Guy swallowed down his jerky. “Whenever I’m bored I come down here to look at the pictures.” He smiled and it transformed his face, now all boyish charm instead of blank indifference. Minseok forced himself to concentrate on the manuscript he’s reading. “Want me to point out all the good ones?”

“Ugh, go away, we’re working here.” Jongdae moaned but Minseok knew Jongdae was trying hard not to laugh, and Joonmyun was already cracking up.
He’d be talking to them about inconsequential things. The moldy smell of the stacks, how the three never get tired of curried vegetables (“it’s like the only thing you eat, huh?”), some news of the outside world (“Another village got raided last night” And they’d all commiserate like tired old crones).

When they grew quiet sometimes he asked them how they were getting along in their work. Joonmyun would wax lyrical about the transformation of pre-Kai literature minus all the badly written porn. Jongdae would let slip how much he misses home.
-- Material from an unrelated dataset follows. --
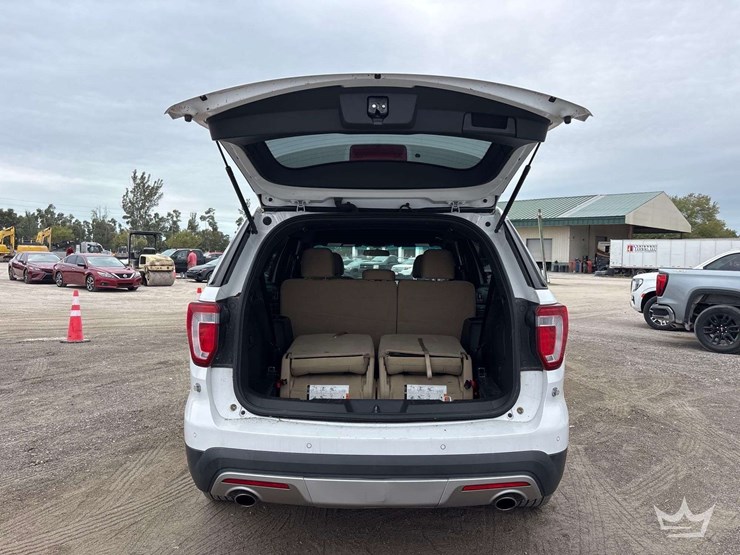 2016-ford-explorer-image-7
Minseok kept to himself. He was not sure if he should share what he knew about the architecture and the layout of the old cities, and most of the other things he found interesting in the stacks were historical accounts of his own people – the rituals, their life stories, the dances. It reminded him of his childhood when his father was still alive, the way he taught him each step, how they danced together in one of the town’s summer festivals. It had been the hottest summer in years, barely any water, but they danced like they could spare all the precious liquids of their bodies. And like a blessing from the gods it hailed through the night and the whole town woke up to puddles of water on their fields, on their rooftops. All those melted ice.
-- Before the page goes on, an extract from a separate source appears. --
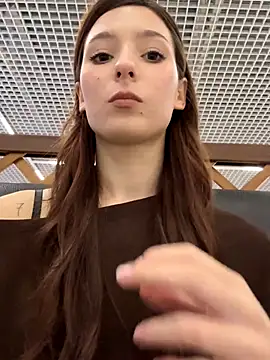 Snapshot of LilluKatten chatting on 11.06.25 LilluKatten online show from 11.06.25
There was no definite time the local would drop by: he could arrive by lunch, a little after their food was delivered to the archives, and he’d be munching along with them with his jerky or some disgusting unidentifiable meat; in the afternoons when they were feeling tired, he’d bring extra just to taunt them.

“This guy, he doesn’t laugh at Joonmyun’s jokes.” He pointed the strip of jerky at Minseok.

Jongdae scrunched his nose. “You’re the only one who laughs at Joonmyun-hyung’s jokes.”

“Hey.”

“And please, take that stuff away from hyung’s face before he gets mad.”

“Heoong ~” He would try out the syllable, silly smile on his face while he crouched on the space next to Minseok, watching him annotate plans on the floor. “No, you’re wrong. I don’t think he’ll ever get mad at me.”

Minseok thought so too.

/

The weeks wore on. Days grew longer.

“No ice fortresses?” Kyungsoo greeted them first thing in the morning. The shadow of his stiff robes a looming dark mass on the floor.
Joonmyun shook his head. He looked pale. They hadn’t been getting out much these days, rushing through their translations. They were only half-finished with the stacks and it was nearly summer.

“I already told you it was impossible.” Minseok stood up from his place on the floor, picked up the blueprint he was working on. “There are other things you could build.”

Kyungsoo released a long drawn out breath. “The Kai wants his ice fortress. He’s been- very adamant about it.”

“He wants it now? We’re scholars and nothing more. We can’t build this ice fortress out of thin air.” Jongdae said.

“It’s a gift for the Kai. I expect you to continue working.” Kyungsoo said and went back outside, carrying out the latest batch of translations and building plans with him.

“His face is a trap isn’t it? He’s actually a flesh-eating barbarian like the rest of them.” Jongdae collapsed back on his seat.

“I still stand by not being surprised when he gets to stab us.” Joonmyun said.

The local boy made no appearance with his curious-smelling jerky and spine-tingling smiles this time, as if he had heard that any kind of distraction at this point was detrimental to them. Minseok wasn’t sure if this was better or worse, seeing his dongsaengs clam up the moment their usual conversations run dry, like there were questions they avoided asking, thoughts that were too potent to voice out.